The descriptions of the artist are also excellent. Following are some excerpts on De Kooning, this one on his method:
Willem De Kooning most often worked from observing reality, primarily figures and the landscape. From 1950 to 1955, he completed his famous Women series, which integrated the human form with the aggressive paint application, bold colors, and sweeping strokes of Abstract Expressionism.

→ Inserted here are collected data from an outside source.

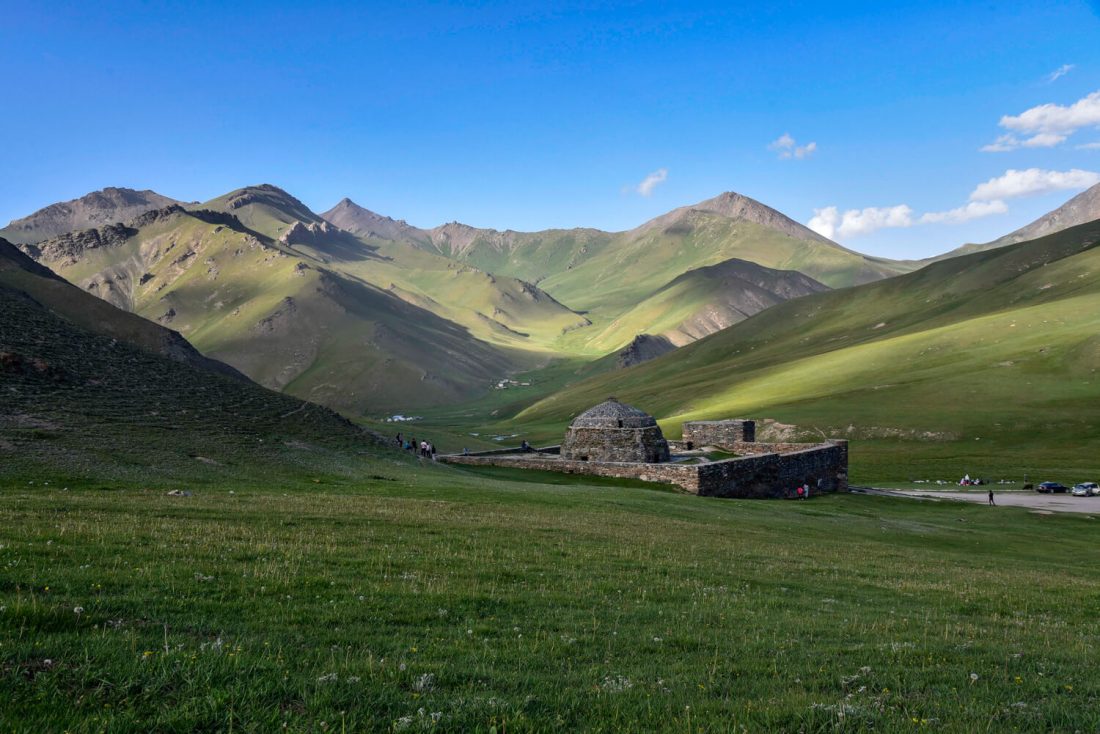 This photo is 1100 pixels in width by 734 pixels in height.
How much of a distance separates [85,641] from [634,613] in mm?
8952

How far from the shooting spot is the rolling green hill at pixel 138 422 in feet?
111

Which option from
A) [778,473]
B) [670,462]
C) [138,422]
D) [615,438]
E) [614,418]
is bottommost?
[778,473]

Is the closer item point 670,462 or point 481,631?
point 481,631

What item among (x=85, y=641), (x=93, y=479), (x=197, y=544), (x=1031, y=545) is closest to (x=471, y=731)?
(x=85, y=641)

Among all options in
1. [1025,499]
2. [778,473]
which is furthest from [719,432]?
[1025,499]

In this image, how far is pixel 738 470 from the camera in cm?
5847

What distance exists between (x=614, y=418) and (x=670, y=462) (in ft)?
22.0

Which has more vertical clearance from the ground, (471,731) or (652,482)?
(471,731)

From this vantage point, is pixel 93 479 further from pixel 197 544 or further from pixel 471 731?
pixel 471 731

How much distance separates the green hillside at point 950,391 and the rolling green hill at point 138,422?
69897mm

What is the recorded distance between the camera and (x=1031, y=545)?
133ft

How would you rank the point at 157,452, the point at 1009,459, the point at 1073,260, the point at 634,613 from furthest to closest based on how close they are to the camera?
the point at 1073,260, the point at 1009,459, the point at 157,452, the point at 634,613

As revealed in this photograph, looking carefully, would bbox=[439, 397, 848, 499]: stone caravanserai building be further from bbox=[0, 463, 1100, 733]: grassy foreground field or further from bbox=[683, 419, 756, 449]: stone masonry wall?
bbox=[0, 463, 1100, 733]: grassy foreground field

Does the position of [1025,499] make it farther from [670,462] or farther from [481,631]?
[481,631]
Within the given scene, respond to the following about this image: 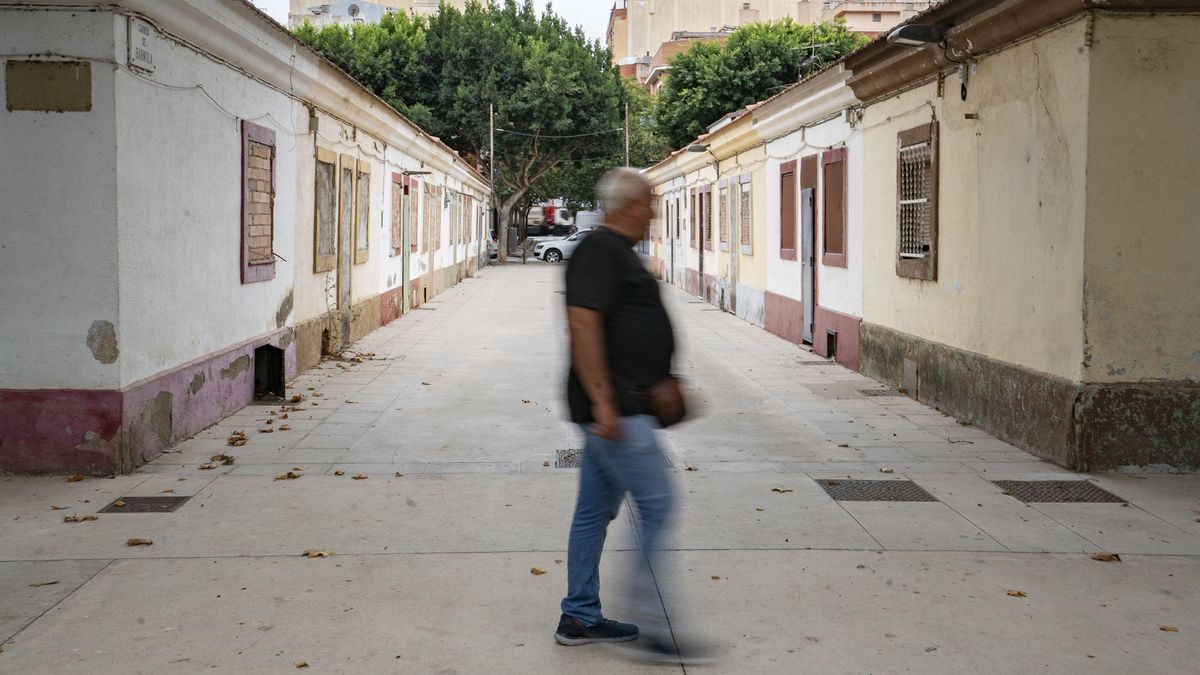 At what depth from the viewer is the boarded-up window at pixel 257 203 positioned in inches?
419

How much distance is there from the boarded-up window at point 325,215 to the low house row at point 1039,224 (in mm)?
6276

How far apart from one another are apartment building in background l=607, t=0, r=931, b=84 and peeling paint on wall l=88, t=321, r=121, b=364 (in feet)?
177

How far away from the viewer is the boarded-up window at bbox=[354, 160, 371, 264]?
55.1 ft

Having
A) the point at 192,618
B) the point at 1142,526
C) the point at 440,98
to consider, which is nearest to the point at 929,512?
the point at 1142,526

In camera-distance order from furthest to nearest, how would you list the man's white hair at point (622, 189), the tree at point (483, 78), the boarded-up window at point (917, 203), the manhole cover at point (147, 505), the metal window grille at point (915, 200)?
1. the tree at point (483, 78)
2. the metal window grille at point (915, 200)
3. the boarded-up window at point (917, 203)
4. the manhole cover at point (147, 505)
5. the man's white hair at point (622, 189)

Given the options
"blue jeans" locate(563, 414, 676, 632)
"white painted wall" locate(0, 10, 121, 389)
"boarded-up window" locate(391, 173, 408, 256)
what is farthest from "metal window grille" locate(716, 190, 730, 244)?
"blue jeans" locate(563, 414, 676, 632)

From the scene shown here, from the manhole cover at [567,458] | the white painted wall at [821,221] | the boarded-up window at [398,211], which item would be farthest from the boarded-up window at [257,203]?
the boarded-up window at [398,211]

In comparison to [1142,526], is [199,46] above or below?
above

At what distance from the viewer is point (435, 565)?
223 inches

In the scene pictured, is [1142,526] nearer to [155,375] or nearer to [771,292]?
[155,375]

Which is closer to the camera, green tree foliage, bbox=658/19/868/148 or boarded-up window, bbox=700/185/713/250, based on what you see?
boarded-up window, bbox=700/185/713/250

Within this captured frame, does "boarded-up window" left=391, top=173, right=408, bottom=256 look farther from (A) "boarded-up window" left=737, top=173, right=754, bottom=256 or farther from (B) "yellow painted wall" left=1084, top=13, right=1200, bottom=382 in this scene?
(B) "yellow painted wall" left=1084, top=13, right=1200, bottom=382

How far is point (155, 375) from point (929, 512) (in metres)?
5.27

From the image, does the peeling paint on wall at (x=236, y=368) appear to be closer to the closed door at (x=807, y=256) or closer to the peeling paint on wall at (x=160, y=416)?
the peeling paint on wall at (x=160, y=416)
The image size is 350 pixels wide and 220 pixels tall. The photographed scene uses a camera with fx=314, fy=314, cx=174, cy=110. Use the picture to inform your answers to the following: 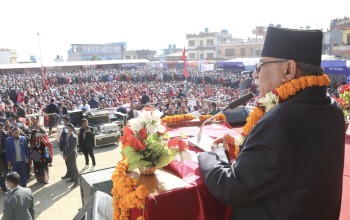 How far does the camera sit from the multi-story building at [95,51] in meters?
91.8

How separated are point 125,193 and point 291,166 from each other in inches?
40.1

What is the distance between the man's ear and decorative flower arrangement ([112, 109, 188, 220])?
828 millimetres

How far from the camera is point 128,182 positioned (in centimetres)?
199

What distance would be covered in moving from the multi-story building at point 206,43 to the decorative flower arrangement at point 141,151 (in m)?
69.7

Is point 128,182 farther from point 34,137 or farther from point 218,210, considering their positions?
point 34,137

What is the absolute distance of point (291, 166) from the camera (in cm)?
143

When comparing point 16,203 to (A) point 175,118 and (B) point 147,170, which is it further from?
(B) point 147,170

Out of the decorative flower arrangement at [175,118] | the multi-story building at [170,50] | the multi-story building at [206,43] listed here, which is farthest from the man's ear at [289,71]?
the multi-story building at [170,50]

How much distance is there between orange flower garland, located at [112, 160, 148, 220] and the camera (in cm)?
183

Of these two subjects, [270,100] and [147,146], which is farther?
[147,146]

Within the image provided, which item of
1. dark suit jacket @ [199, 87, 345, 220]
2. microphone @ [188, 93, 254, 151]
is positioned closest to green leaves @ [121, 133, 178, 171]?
microphone @ [188, 93, 254, 151]

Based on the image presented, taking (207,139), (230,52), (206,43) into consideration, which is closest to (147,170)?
(207,139)

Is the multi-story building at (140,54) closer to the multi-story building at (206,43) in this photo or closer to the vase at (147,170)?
the multi-story building at (206,43)

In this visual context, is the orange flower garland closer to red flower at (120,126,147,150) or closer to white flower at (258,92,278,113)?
red flower at (120,126,147,150) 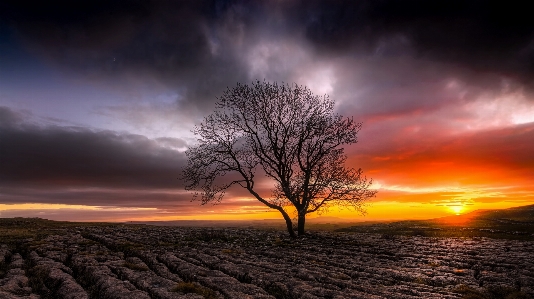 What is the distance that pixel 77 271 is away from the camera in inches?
715

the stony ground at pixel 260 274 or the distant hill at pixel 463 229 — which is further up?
the stony ground at pixel 260 274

And, this paragraph describing his coming to the United States and early employment by the WPA:
De Kooning came to the United States in 1926 and settled briefly in Hoboken, New Jersey. He worked as a house painter before moving to New York in 1927, where he met Stuart Davis, Arshile Gorky, and John Graham. He took various commercial-art and odd jobs until 1935, when he was employed in the mural and easel divisions of the Works Progress Administration Federal Art Project.

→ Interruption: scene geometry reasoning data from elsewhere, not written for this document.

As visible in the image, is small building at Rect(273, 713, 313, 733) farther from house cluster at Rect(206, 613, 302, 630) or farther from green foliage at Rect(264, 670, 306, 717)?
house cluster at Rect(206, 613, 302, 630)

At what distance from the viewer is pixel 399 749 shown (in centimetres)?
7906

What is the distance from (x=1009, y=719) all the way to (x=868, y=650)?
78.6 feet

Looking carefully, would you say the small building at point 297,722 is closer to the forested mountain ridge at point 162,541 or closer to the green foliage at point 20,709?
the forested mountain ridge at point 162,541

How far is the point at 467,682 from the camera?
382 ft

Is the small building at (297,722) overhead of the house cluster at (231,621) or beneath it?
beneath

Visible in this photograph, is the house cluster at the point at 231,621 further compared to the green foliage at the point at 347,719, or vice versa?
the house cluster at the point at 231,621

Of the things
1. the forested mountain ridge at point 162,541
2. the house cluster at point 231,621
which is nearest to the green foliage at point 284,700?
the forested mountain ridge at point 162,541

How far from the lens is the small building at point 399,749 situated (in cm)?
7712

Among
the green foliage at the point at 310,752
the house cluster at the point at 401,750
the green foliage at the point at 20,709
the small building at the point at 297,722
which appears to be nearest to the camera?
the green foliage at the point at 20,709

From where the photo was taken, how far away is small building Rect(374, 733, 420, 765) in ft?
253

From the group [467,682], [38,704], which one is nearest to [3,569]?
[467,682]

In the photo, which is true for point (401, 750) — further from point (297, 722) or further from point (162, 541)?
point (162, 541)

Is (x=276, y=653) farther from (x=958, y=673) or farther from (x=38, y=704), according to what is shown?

There is also additional detailed biography material on De Kooning: Biography.
The biographical notes on Reial not only contain pertinent information, but also a description of her technique that virtually comes alive with the reading:
In 1955, five years after leaving Hungary for Paris, where she was briefly associated with André Breton’s Surrealist group, Judit Reigl began a new series to explore the process of painting as a dynamic and corporeal activity. The resulting works, Outburst (1955–57), feature masses of exploded paint that traverse the surface of the canvas tracing the movements of the artist’s body in action.
This canvas,[Outburst] like each work in the rest of the series, was realized in a single session. Using a stretched canvas, which she tilted against a wall, Reigl worked by hurling a mixture of industrial pigment and linseed oil onto the surface by hand, adding paint with a long and flexible knife, then spreading and flattening it into diagonal bands with a bent curtain rod.
The online visuals show a selection of 20 of the works in the exhibition, which can be made larger with just a click. There is also a short video clip of the exhibition with interviews with the curators, Tracey Bashkoff, Curator, Collections and Exhibitions, and Megan Fontanella, Assistant Curator, Collections and Provenance.
Perhaps the Museum will offer a digital download of the Exhibition Catalouge, as it has done with the historical Catalogues related to the exhibition, and that it will develop an app, incorporating the most advanced technology, similar to the technology used with the museums in the GoogleArt Project.